И радостно мне, что Стёпка со мной теперь будет, а я при нём. И никто нас не разобьёт.
 А тут опять, откель не возьмись, Афонька объявляется. С бородой. Такого я его не видала раньше. Борода седая, длинная. Не пущает он меня к Степану, держит ручищами-то. А Стёпка ему обходительно так говорит: «Ты, Афанасий Лексеич, маманьку мою не держи, заберу я её. Хватит, намаялась она с тобой, всю жизнь жилы тянула, на тебя горбила, спину не распрямляла, а ты только и знал – пить да распивать».
  И тянет меня Стёпка к себе, и мне так хочется с ним  улететь. А Афонька вцепился, как клещук, держит. Стёпка, значит, хочет его отпугнуть, комок   глины берёт, а рука-то  у него  из-под рубахи костяная вылезла, мослы выглядывают. И хлещет он этой рукой Афоньку по щекам. Костяшки-то гремят, гремят.
 Тут я глаза открыла. А Афанасий шаль с меня сдёрнул да по щекам хлещет. А они у меня, щеки-то, как деревянные – ничего не чуют. «Вставай! – кричит. – Вставай, такая-то твоя мать! На ноги вставай! Бегай!  Бегай, покель не отойдешь!» Где тут бегать, сама себя не чую – вся  ватой набитая.
По  спискам избирателей она Евдокия Ивановна Маклецова, по - уличному Малявка. В глаза зовут «баб Дусей». Где это она рассказывала? Видимо, у Елмановых, у сепаратора. Елманиха крутит ручку, сама молоко заливает в бак большой кружкой -  десятую в своё ведро. Бабушка болела, и мне приходилось носить туда молоко, сидеть в очереди, слушать  пересуды.
— Когда человек заморился,– рассказывает в дежурке дед Панфил, – мороз его усаживает, убаюкивает  и обращает в камень. А душу – бог забирает.

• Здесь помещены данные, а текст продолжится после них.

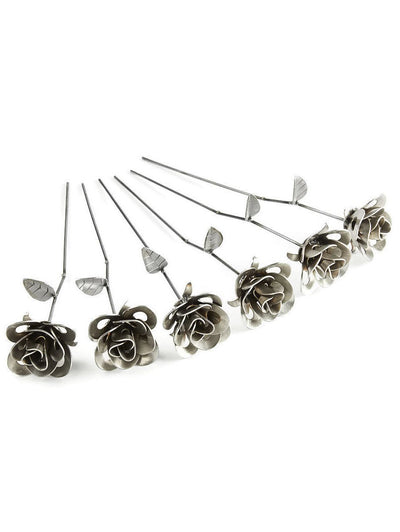 Half Dozen Metal Roses, Six Metal Roses, Welded Metal Rose Sculptures,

—  А ты, дед, попадал в такие переделки? – спрашивают его.
 — А как же. От мельницы однова шёл, нечистый попутал, заблудился. Ушёл знаешь куда? Ажник на Увал, к Вороньему долу. Хорошо на сено наткнулся: зарылся в омёте и проспал там, как сурок в норе лежал. Нос высуну – дует, я опять зарываюсь.

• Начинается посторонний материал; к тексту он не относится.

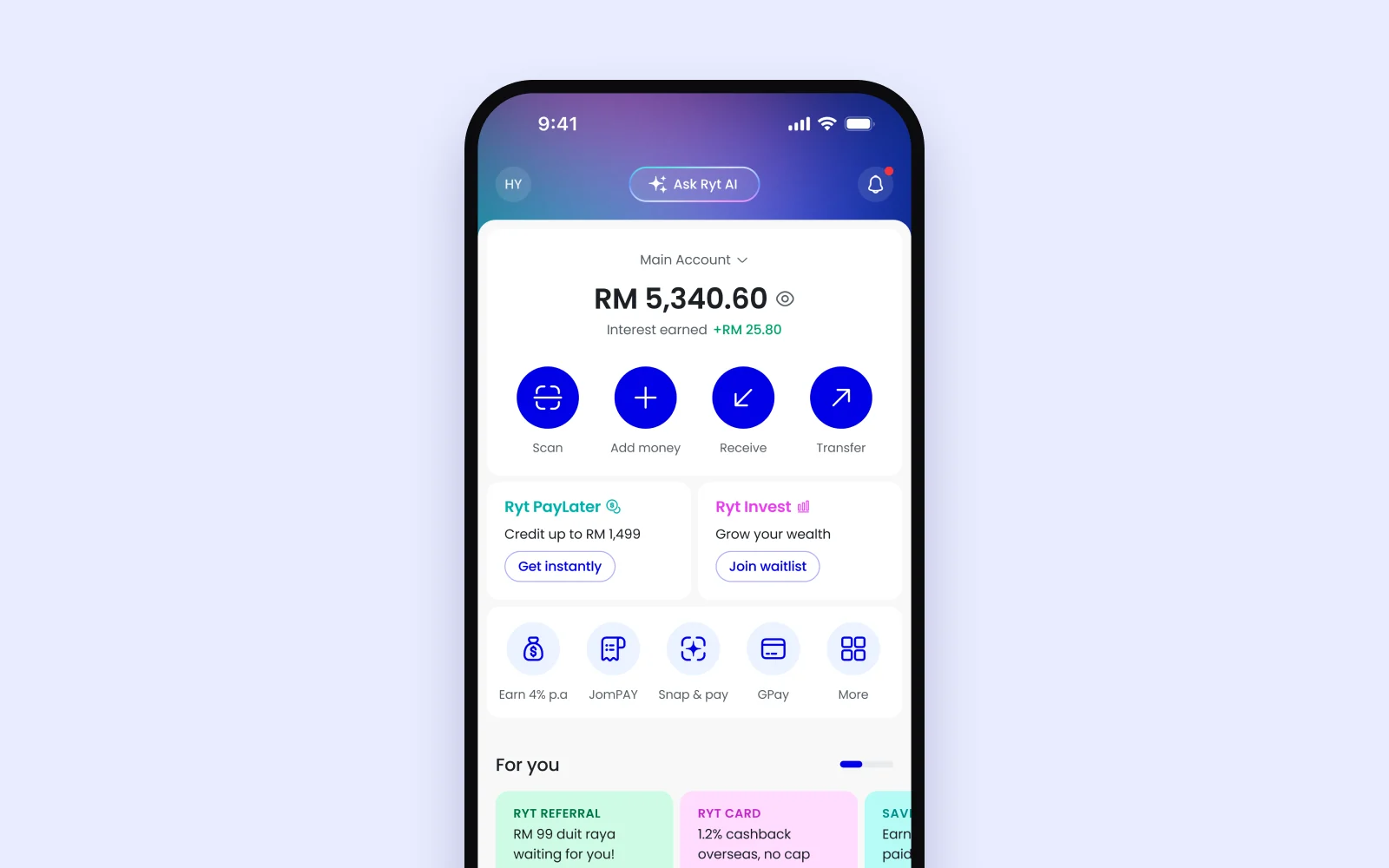 Ryt home screen showing the approved credit limit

 Пришёл бригадир Демидов. Долго матюкался, откашливался, проклинал позёмку.
 — Председатель меня прислал, – сказал, наконец, по-человечески. – Надо кого-то послать к Клавдии Васильевне. Если ей сразу сказать, она как бы не того…. Председатель так рассудил: лучше, если пойдёт Генка Киселёв.
 — Что вы, мужики,–взмолился я. – Я человек приезжий, сто лет в селе не  живу.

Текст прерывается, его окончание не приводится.